The dataset is divided into train, validation, and test, each of which has information such as text and label.

The dataset can be treated as a DataFrame by setting the format to pandas.

dataset.set_format(type="pandas")
train_df = dataset["train"][:]

>> train_df.head(5)

|     | text                                              | label |
| --- | ------------------------------------------------- | ----- |
| 0   | i didnt feel humiliated                           | 0     |
| 1   | i can go from feeling so hopeless to so damned... | 0     |
| 2   | im grabbing a minute to post i feel greedy wrong  | 3     |
| 3   | i am ever feeling nostalgic about the fireplac... | 2     |
| 4   | i am feeling grouchy                              | 3     |

Check the breakdown of label.

>> train_df.value_counts(["label"])

label
1        5362
0        4666
3        2159
4        1937
2        1304
5         572
dtype: int64

We can see that there are six different labels. The meaning of each label can be checked using features.

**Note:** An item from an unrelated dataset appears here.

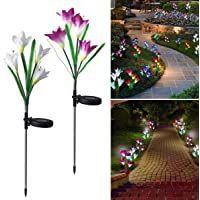 Los mejores  - Luces de juego de jardín solar al aire libre- 2 paquetes de luces de energía solar con 8 colores de flor de lirio Cambio…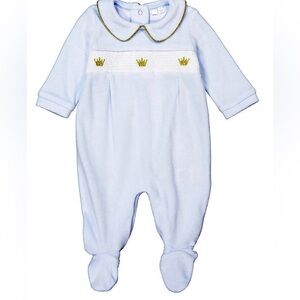 Bonjour Bebe Smoked Velure Footed Onesie Size 6-9 months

>> dataset["train"].features

{'text': Value(dtype='string', id=None),
 'label': ClassLabel(names=['sadness', 'joy', 'love', 'anger', 'fear', 'surprise'], id=None)}

The label is a ClassLabel class and seems to be assigned as follows.

0: sadness
1: joy
2: love
3: anger
4: fear
5: surprise

The method int2str() of the ClassLabel class can be used to create a new column in the DataFrame corresponding to the label name.

def label_int2str(x):
	return dataset["train"].features["label"].int2str(x)

train_df["label_name"] = train_df["label"].apply(label_int2str)

>> train_df.head()

|     | text                                              | label | label_name |
| --- | ------------------------------------------------- | ----- | ---------- |
| 0   | i didnt feel humiliated                           | 0     | sadness    |
| 1   | i can go from feeling so hopeless to so damned... | 0     | sadness    |
| 2   | im grabbing a minute to post i feel greedy wrong  | 3     | anger      |
| 3   | i am ever feeling nostalgic about the fireplac... | 2     | love       |
| 4   | i am feeling grouchy                              | 3     | anger      |

Finally, restore the formatting that was done to the DataFrame.

dataset.reset_format()

Get a Tokenizer

Hugging Face provides a convenient AutoTokenizer class that allows you to quickly load a Tokenizer associated with a pre-trained model.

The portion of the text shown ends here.